Our last month’s edition of the Dataspace newsletter looked at the growing applications of AI for cybersecurity, and explored how some of the major players in tech are incorporating AI based security tools into the suite of products they offer to business clients.
However, it is also important to note that hacking can present a threat not only to an organization’s information, but to personal privacy as well. The latter is a growing concern, as evidenced by statements from Apple CEO Tim Cook and the content of many of the sessions from the recent International Conference on Computers, Privacy and Data Protection. (Of note, there were many panels addressing various aspects of AI use and regulation, as well as a session on the intersection of Rights and Cybersecurity policy for Europe)
A point highlighted by many of these sessions, as well as literature by panel participants, is that the realms of data protection, cybersecurity, and human rights protection are now intimately linked.
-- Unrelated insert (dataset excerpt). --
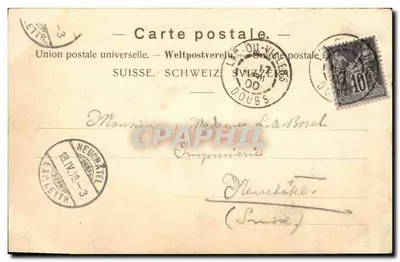 Spadzista Doubs — Szwajcaria — wydawca Aug. Reiss-Lazard, nr 551 — Rewers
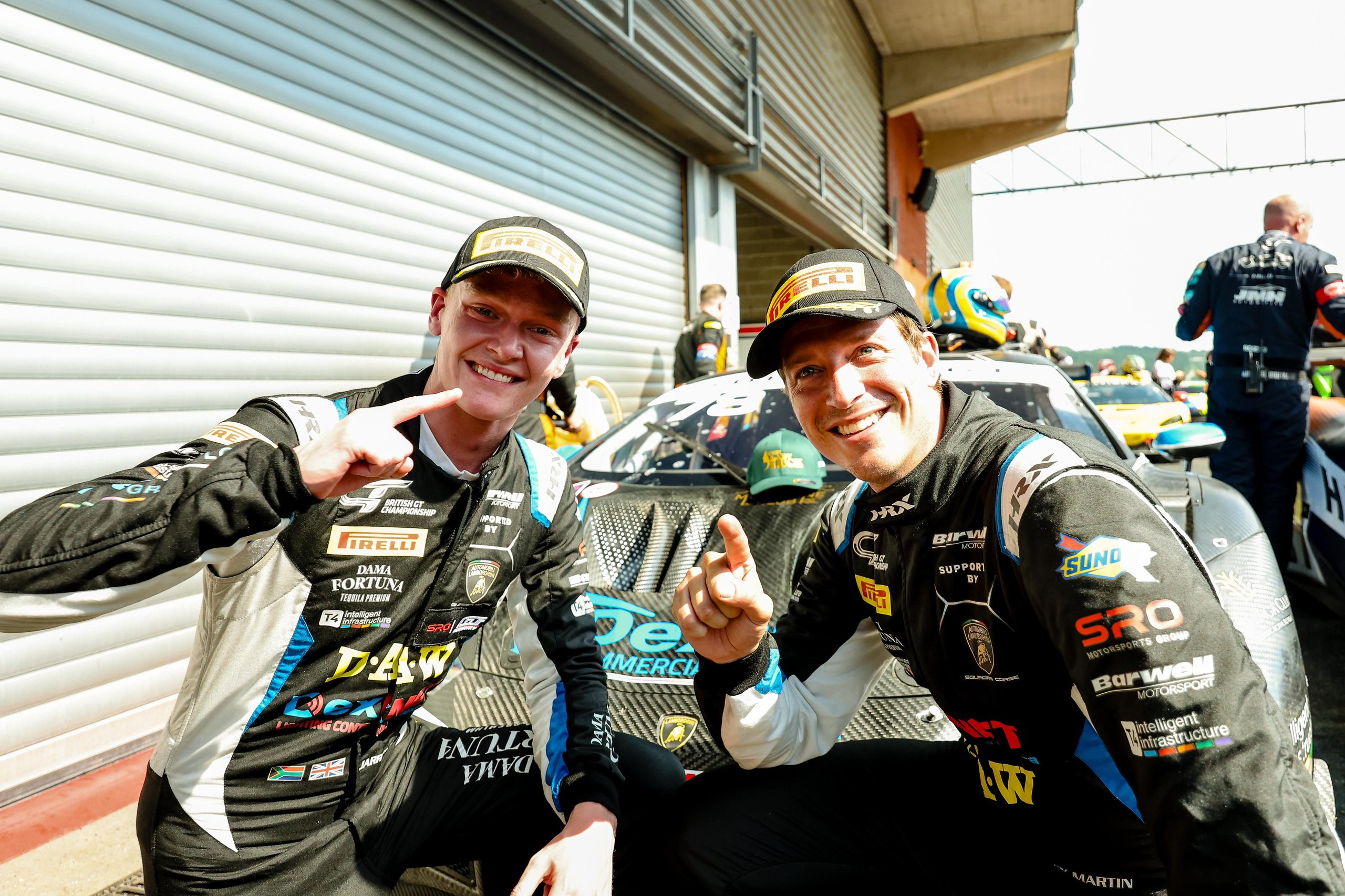 Barwell'S Huracán Gt3 Evo2 Conquers A 55-Car Spa Grid To Clinch British Gt Win Number 33 For Lamborghini 7 Jarrod waberski and alex martin celebrating their british gt victory in front of their lamborghini huracán gt3 evo2 in the pit lane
Similarly, the line between “personal data” and “business data” has become blurry.
The boundary between “threat detection” and “privacy violation” is another gray area that will have to be navigated. Looking back at some of the examples we explored in April\’s newsletter, we see Amazon’s use of behavior models, and IBM’s AI risk assessments based on a user’s activity type. This threat detection tactic of User Entity Behavior Analytics explicitly relies on machine learning algorithms to track and analyze all user activity – creating metrics for what presents as “normal” behavior for any particular user. This methodology results in an ethical quandary in an of itself – where there is a responsibility to protect users’ data from external (and internal) threats, but in order to improve the AI necessary to mitigate these threats users’ behavior must be even more carefully surveilled and monitored by these same AI.
Is privacy then lost all the same, in the name of protection?
When we reach the Fourth Wave of AI what kind of ethical implications will there be for having “superintelligent” AI reviewing personal information and user activity?
There will necessarily be an ongoing conversation surrounding these questions, and other similar ethical issues, as we continue to navigate the growing intersection between technology and human rights.